Im 2. Buch Moses steht: „Einen Fremden sollst Du freundlich aufnehmen. Du weißt doch, wie es einem Fremden zumute ist; denn ihr selbst seid in Ägypten in der Fremde gewesen.“ Und gerade im Islam und in Ihren Heimatländern ist Gastfreundschaft sehr wichtig. Fremde und Gäste werden herzlich aufgenommen und großzügig bewirtet. Das hat in Ihren Heimatländern Tradition. In dieser Hinsicht können wir in Deutschland von Ihnen lernen!

Freitagabend sind unfassbare Dinge in Paris geschehen. Verübt von Menschen, die so verblendet in Ihrer Religion sind, dass sie außerhalb von jedweder Menschlichkeit stehen.

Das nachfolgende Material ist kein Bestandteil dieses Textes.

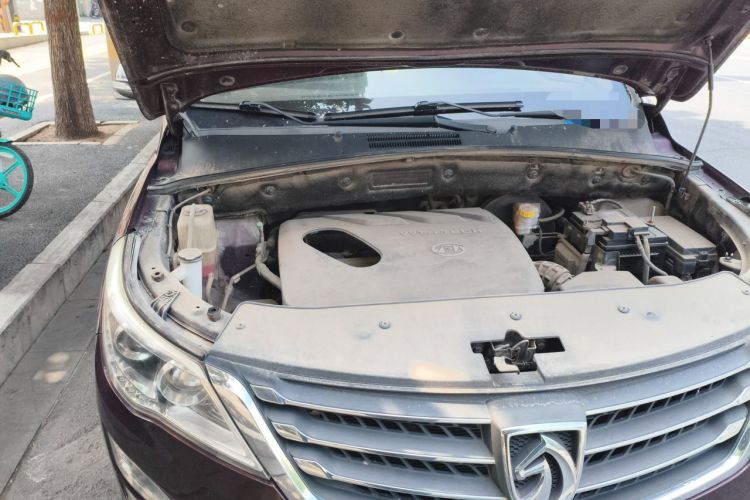 Used Baojun 560 2015 1.8L Manual Elite Edition Engine Bay Right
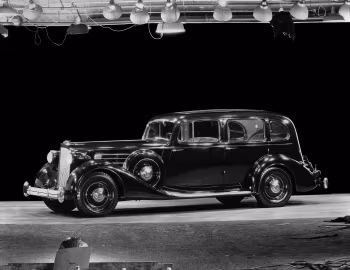 1935 Packard Twelve 5-passenger Sedan (1207-833)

Nach jedem dieser Attentate schreit die Welt auf, man nimmt sich vor, mehr gegen diese Terroristen zu tun. Aber bereits nach kurzer Zeit holt der Alltag uns wieder ein. Die unternommenen Schritte werden nicht konsequent oder nur halbherzig ausgeführt. Über die letzten Jahrzehnte hat sich die Zahl der Terrororganisationen extrem vervielfacht. Vor allen Dingen sind sie stets brutaler und bestialischer, ja gar blutgieriger geworden. Die internationale Politik hat noch immer nicht begriffen, dass solche Organisationen keine Partner sein können und dürfen. Wir alle müssen hoffen, dass aus der Konferenz in Wien wirklich Frieden für den Nahen Osten erwächst. So ganz vermag ich daran nicht zu glauben. Auf Grund der Ereignisse in Paris haben wir uns entschlossen unser Programm für heute ein wenig zu ändern. Bitte haben Sie Verständnis dafür.

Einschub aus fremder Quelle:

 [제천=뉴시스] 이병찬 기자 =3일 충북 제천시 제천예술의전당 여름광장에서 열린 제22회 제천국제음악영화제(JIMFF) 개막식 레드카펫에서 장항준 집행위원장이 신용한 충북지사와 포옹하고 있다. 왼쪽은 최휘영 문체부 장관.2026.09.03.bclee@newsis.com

Heute freuen wir uns, hier bei Ihnen zu Gast zu sein. Und wir laden Sie gleichzeitig ein zu vielen Aktionen, die wir für Sie vorbereitet haben.

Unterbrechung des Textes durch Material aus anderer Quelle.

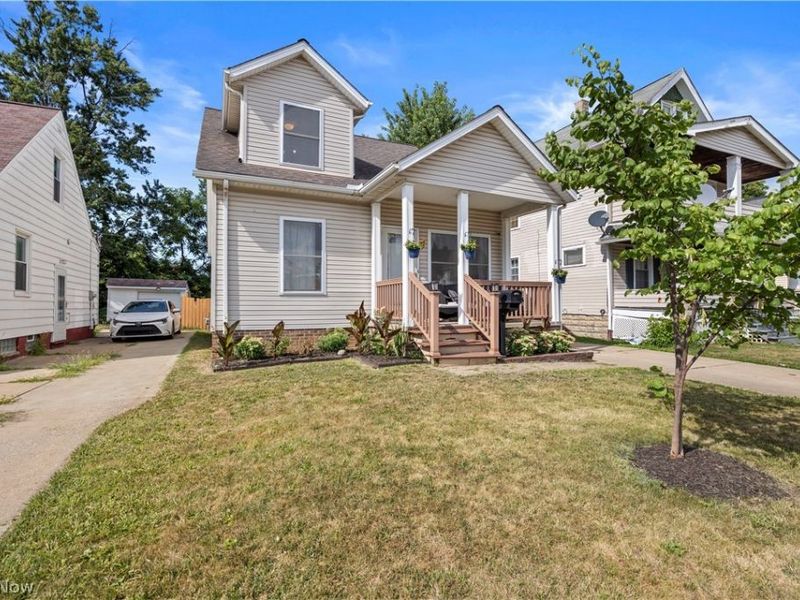 9901 Sladden Avenue, Garfield Heights, OH 44125 Photo 3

In unserer jüdischen Gemeinde, also auch jetzt in unserer Gruppe, die hier ist, sind viele Menschen, die selbst Flüchtlinge waren. Sie verließen vor 25 Jahren ihre Heimat, Russland, die Ukraine und andere Staaten der ehemaligen Sowjetunion. Und sie mussten ebenfalls in diesem Land Fuß fassen. Die Menschen hier waren ihnen fremd. Die Kultur war fremd. Das Essen war fremd. Und Deutsch sprechen konnten sie auch nicht. Viele aus unserer Gruppe können sich daher gut vorstellen, wie es Ihnen gerade geht.

Doch inzwischen fühlen sich unsere Gemeindemitglieder hier zu Hause. Sie haben Deutsch gelernt. Ihre Kinder sind hier geboren. Sie fühlen sich hier wohl. Und sie wissen, dass dieses Land viel für sie getan hat. Deshalb möchten sie heute gerne etwas davon zurückgeben:

Sie möchten Ihnen Mut machen! Und sie möchten dazu beitragen, dass auch Sie sich hier wohlfühlen. Dass Sie sich willkommen fühlen!

Und nun wünsche ich Ihnen und uns vergnügte und frohe Stunden!